A Reading Life (prt 12): An Impasse and Seasonal Affective Disorder

Image result for lucy psychiatric booth christmas

By Joe LaGuardia

A Reading Life is a blog series focused on the literature that has shaped my life and call to ministry. Find the introduction here.

I must apologize, everyone. I have not been in the mood to read or write lately. I blame it on the recliner and cold weather. My cat may be in on this too.

Its been an arid month: no inspiration to read anything, no impetus to write. I had an existential crisis just today: How come I don’t feel like reading? What about my “A Reading Life” blog series?

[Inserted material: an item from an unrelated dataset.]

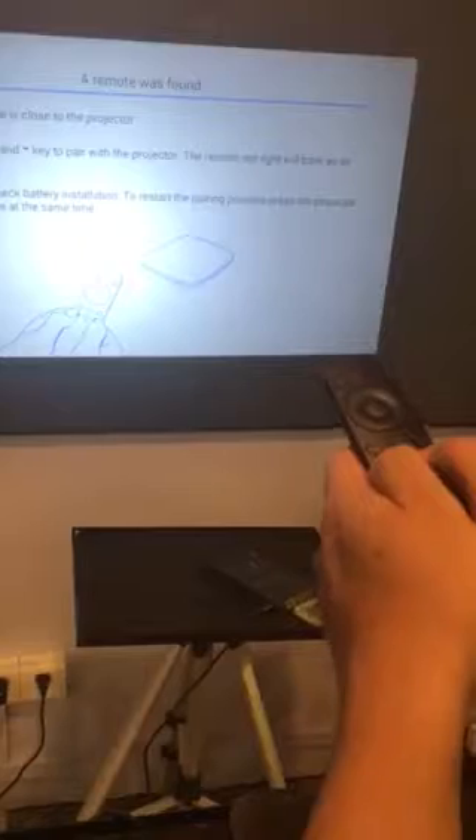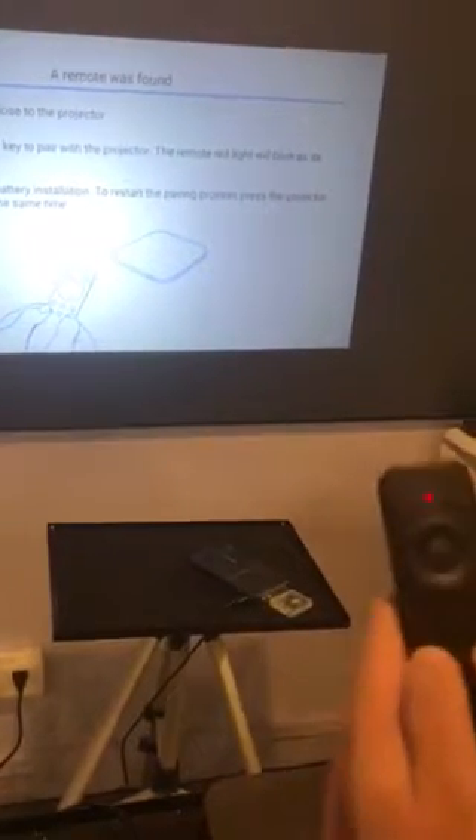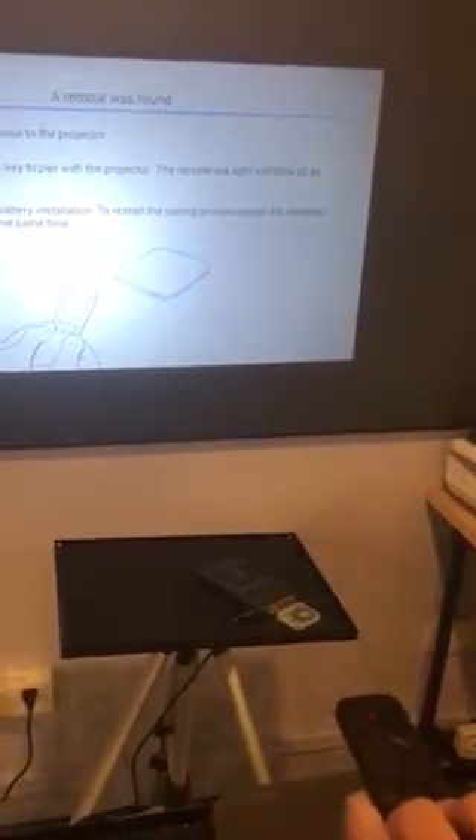The remote was found. Keep pressing and wait for about 10 seconds until it shows complete.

It was just, “Meh.” I suffered from Seasonal Affective Disorder when I lived in the north, but haven’t since I moved south. This is nowhere near as bad, but I have a feeling that people who do suffer with SAD during winter can relate. Where has all that passion gone?

Now I just sit in my recliner when I am not cleaning, exercising, playing, cooking, or doing churchy things. I read a devotional. I catch up on the news. I (gag) scroll through social media. I fall asleep with my cat on my lap, a cat who finds her way over to me whenever I am in a resting position.

This is not new for me just as I’m sure it inflicts other bibliophiles. You’re in between books. You pick up a book here or there and nothing really captures your heart. There are false starts and impassioned leafing through of pages. No titles catch your attention. You wonder why half the books on your “to read” pile are there in the first place.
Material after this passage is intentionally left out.